While the nation’s top two most populous states – California and New York – are expected to be easy wins for Democrat Joe Biden, Florida – the third-largest – is a true wild card, making it one of the most sought-after states for presidential candidates.
“With 29 electoral college votes, Florida really is the big prize,” said Richard Mullaney, director of the Jacksonville University Public Policy Institute. “It’s really pretty stunning when you see how close the races have been here over the last 20 years.”
Florida has a track record of predicting future presidents. Since 1996, every presidential candidate who has succeeded in Florida has gone on to spend the next four years in the White House. The state swings harder than a well-greased door hinge: in these six contests, Floridians have chosen exactly three Republicans and three Democrats.
President Donald Trump acknowledges supporters after a campaign rally in Jacksonville, Florida [Stan Badz/AP Photo]While both candidates are making a pitched battle for the state’s voters, victory in Florida is far more crucial to Republican Donald Trump’s strategy than Biden’s. Losing Florida would require Trump to sweep several other battleground states to make up for the loss.
Trump achieved this four years ago, but Biden appears to have a stronger grip on the electoral map than his predecessor, Hillary Clinton, did in 2016. Historically, no Republican candidate since Calvin Coolidge, nearly a century ago, has gone on to win the presidency without Florida.
Florida is a true toss-up
For the past 20 years, every presidential election in Florida has been a nail-biter, particularly in 2000, when the vote count was so close that a Democratic challenge to the results had to be sorted out by the US Supreme Court. Of nearly six million votes cast in Florida, Republican George W Bush beat Democrat Al Gore by just 537 votes that year.
The outcome this November may not be that tight, but polling suggests a close race ahead. Although Biden held a steady polling lead of four percentage points over most of the summer, Trump has narrowed the gap in the past few weeks. Biden currently enjoys only a 1.3 percentage point lead over Trump, according to averages of state polls compiled by Real Clear Politics.

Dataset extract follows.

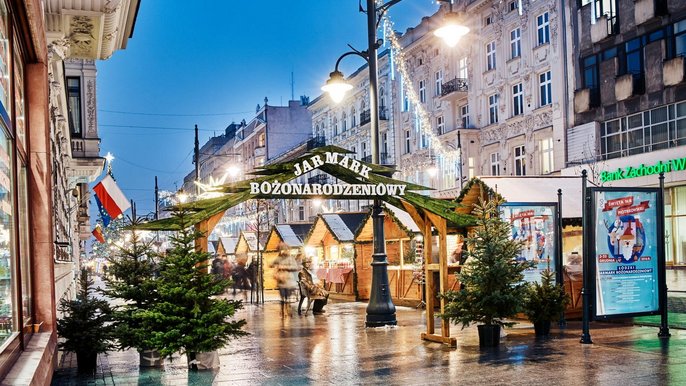 Jarmark Bożonarodzeniowy 2016 - fot. z arch. UMŁ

In 2016, Trump edged out Clinton by less than 2 percentage points.
Despite strong national Democratic gains in the 2018 midterm elections, Floridians elected Republicans in statewide gubernatorial and Senate elections that year, but the results were narrow: both elections were decided by less than a single percentage point. Those margins were similar to the presidential election in 2012, when President Barack Obama defeated Republican Mitt Romney by just 74,000 votes.